_Recorded data_.
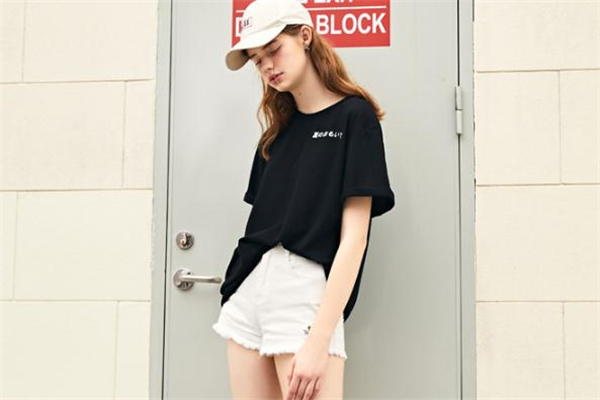 黑色衣服有味道怎么去除,黑色衣服有股味道洗不掉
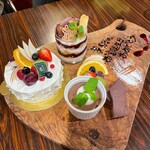 オカダ ダイニング&カフェ スイーツ ハカタ - 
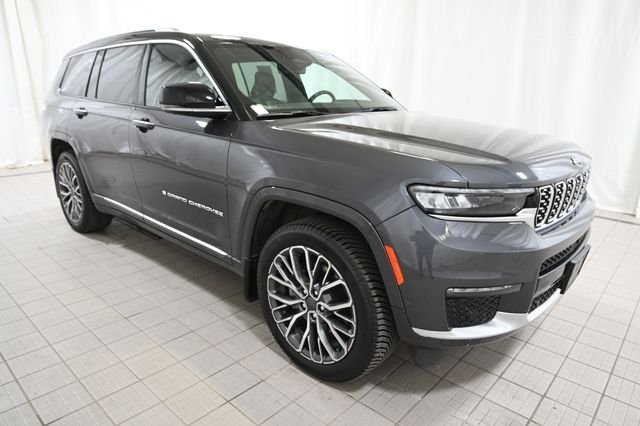 Used 2024 Gray Jeep Summit image 15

_Your objective_. Could you give the listing again exactly as it stands, minus any pictures?

_Completed exercise_.
 黑色衣服有味道怎么去除,黑色衣服有股味道洗不掉
 オカダ ダイニング&カフェ スイーツ ハカタ - 
 Used 2024 Gray Jeep Summit image 15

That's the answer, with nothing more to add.